A word-for-word copy of the listing is required, and it must contain no pictures.

= = = = = = =

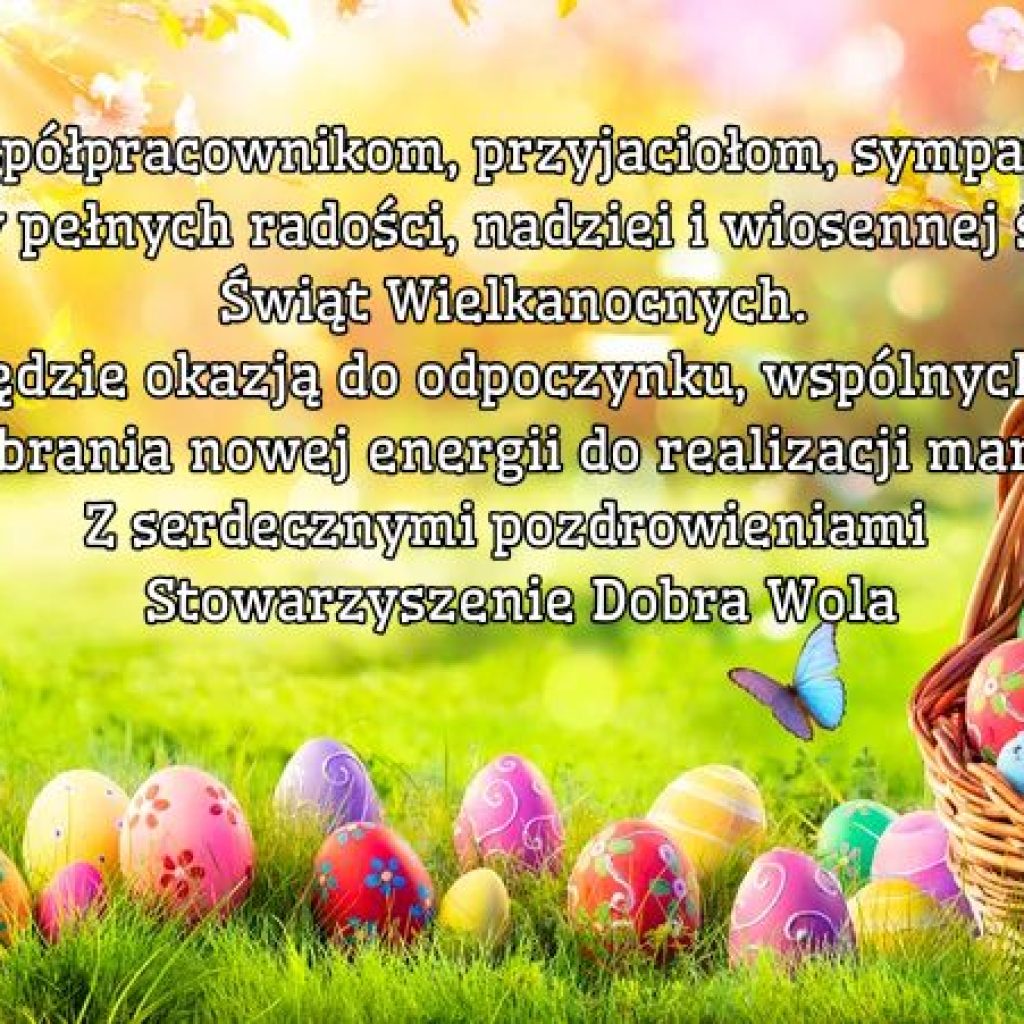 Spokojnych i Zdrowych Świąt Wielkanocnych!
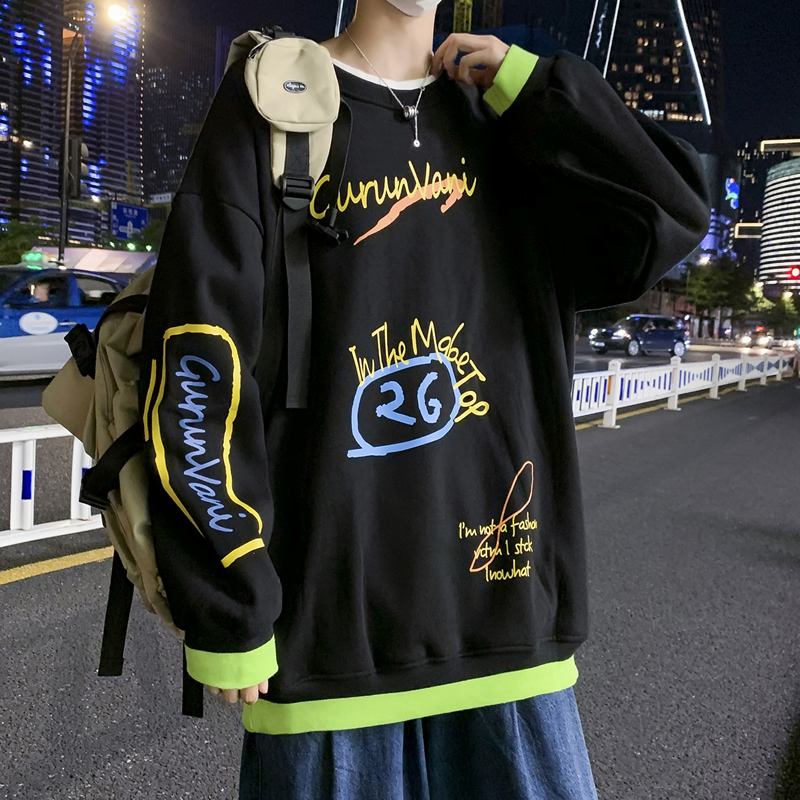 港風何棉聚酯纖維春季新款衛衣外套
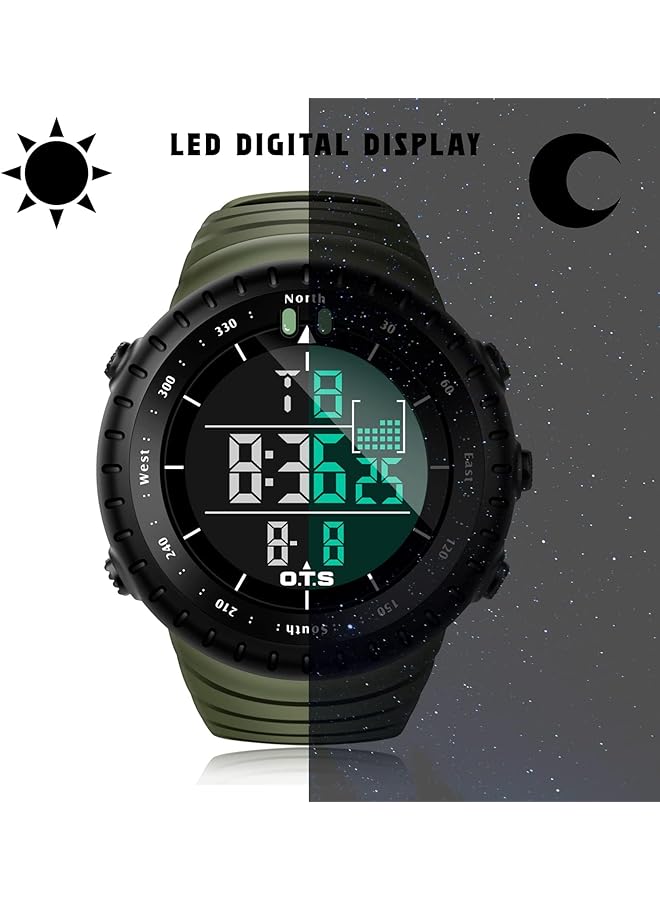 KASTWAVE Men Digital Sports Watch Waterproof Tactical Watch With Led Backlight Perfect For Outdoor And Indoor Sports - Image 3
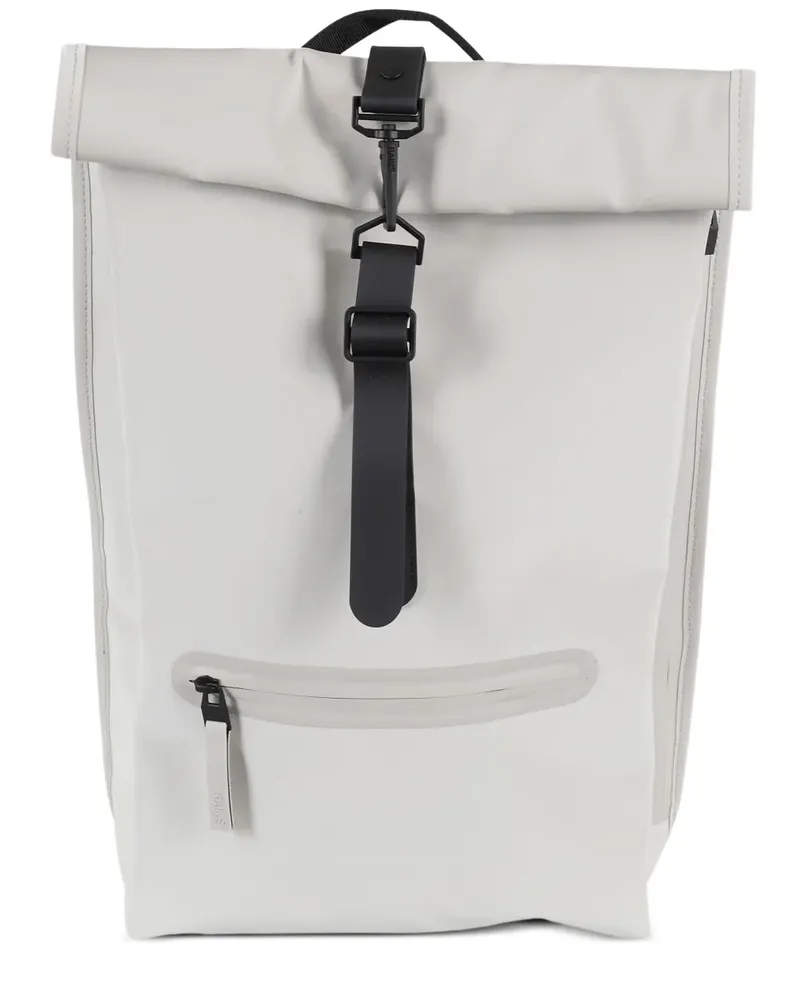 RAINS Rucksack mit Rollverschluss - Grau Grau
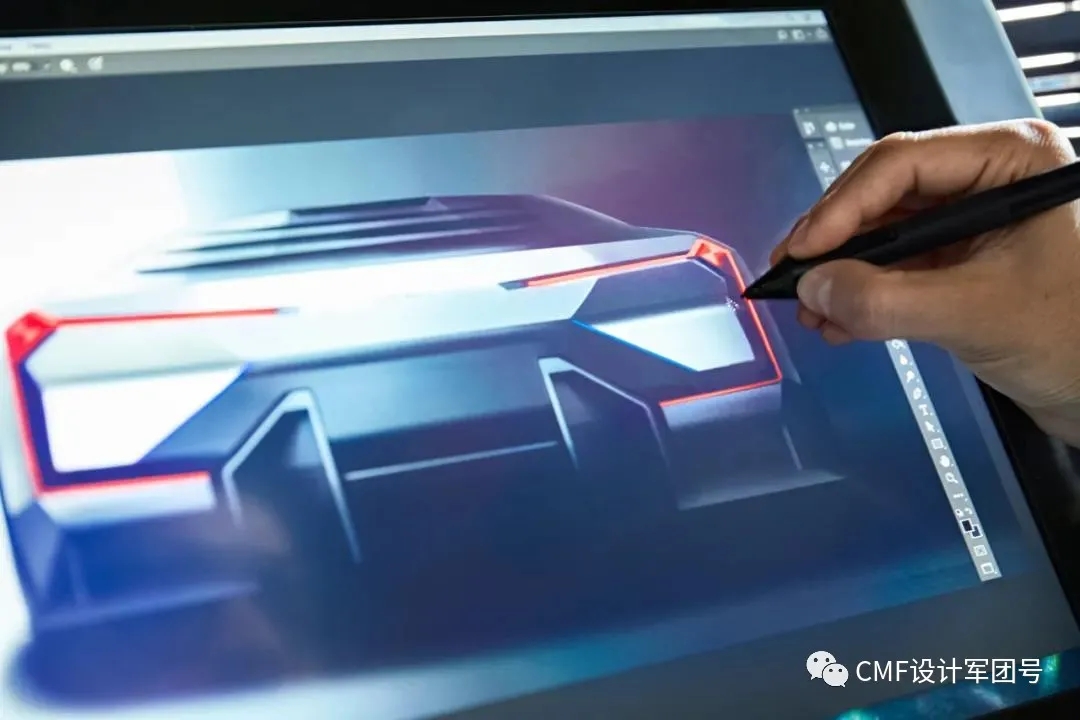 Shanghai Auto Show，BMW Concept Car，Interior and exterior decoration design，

= = = = = = =

**Answer to this task:**
 Spokojnych i Zdrowych Świąt Wielkanocnych!
 港風何棉聚酯纖維春季新款衛衣外套
 KASTWAVE Men Digital Sports Watch Waterproof Tactical Watch With Led Backlight Perfect For Outdoor And Indoor Sports - Image 3
 RAINS Rucksack mit Rollverschluss - Grau Grau
 Shanghai Auto Show，BMW Concept Car，Interior and exterior decoration design，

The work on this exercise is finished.